All that is needed is the line containing "And left 5 tightens, 2, 50." and the lines after it to the end of the material, written out exactly, pictures left aside.

[Exercise data]
>>

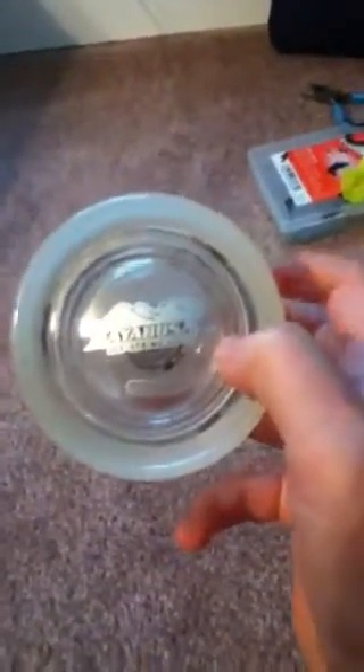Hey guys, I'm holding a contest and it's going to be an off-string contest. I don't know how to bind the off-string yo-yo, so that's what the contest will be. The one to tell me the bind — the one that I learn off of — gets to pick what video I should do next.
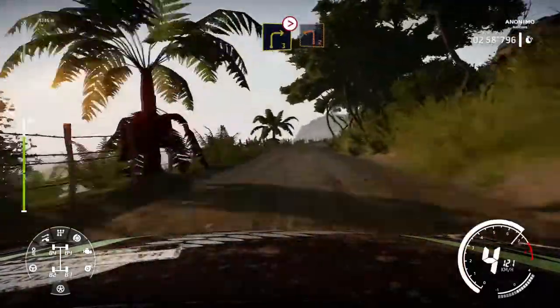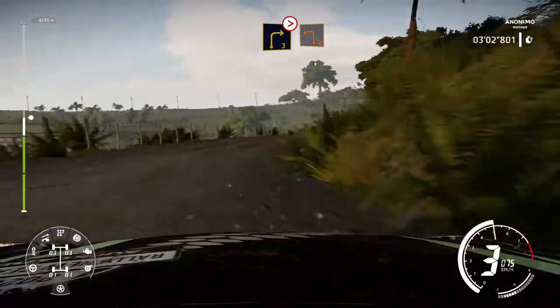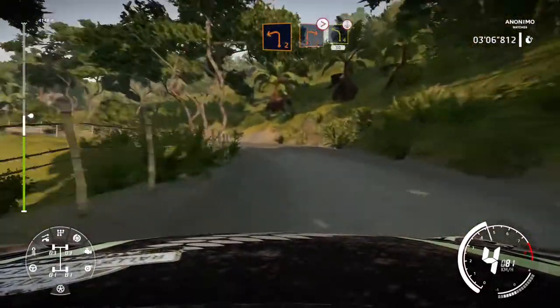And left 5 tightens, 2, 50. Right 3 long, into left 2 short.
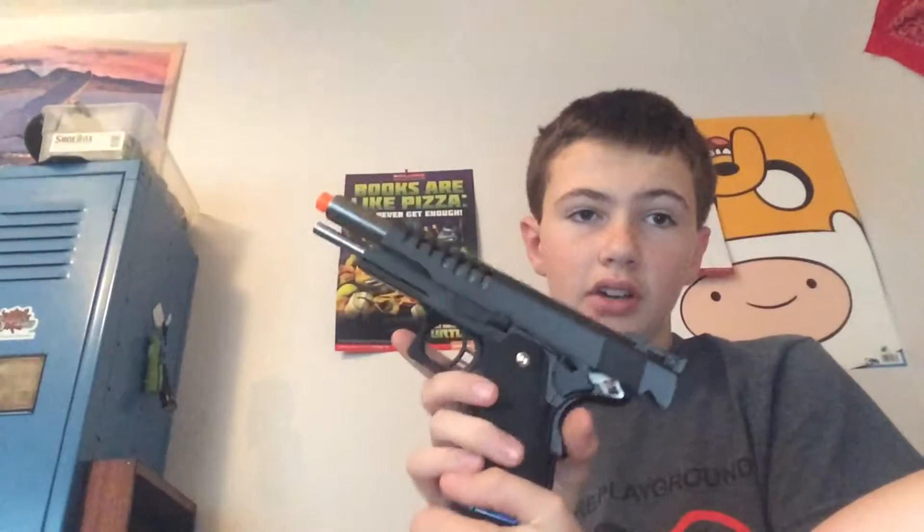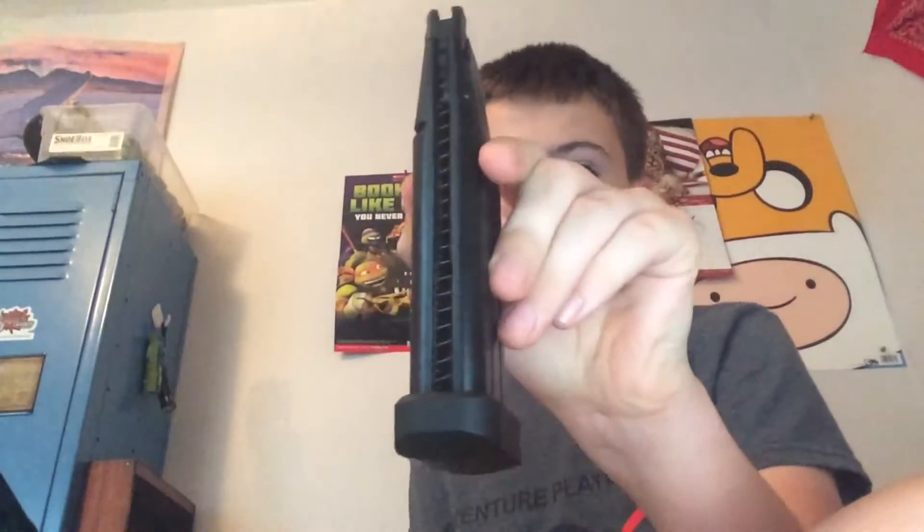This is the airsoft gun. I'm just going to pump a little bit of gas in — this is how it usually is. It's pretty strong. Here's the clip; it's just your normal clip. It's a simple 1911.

<<

[Result of this task]
And left 5 tightens, 2, 50. Right 3 long, into left 2 short.
This is the airsoft gun. I'm just going to pump a little bit of gas in — this is how it usually is. It's pretty strong. Here's the clip; it's just your normal clip. It's a simple 1911.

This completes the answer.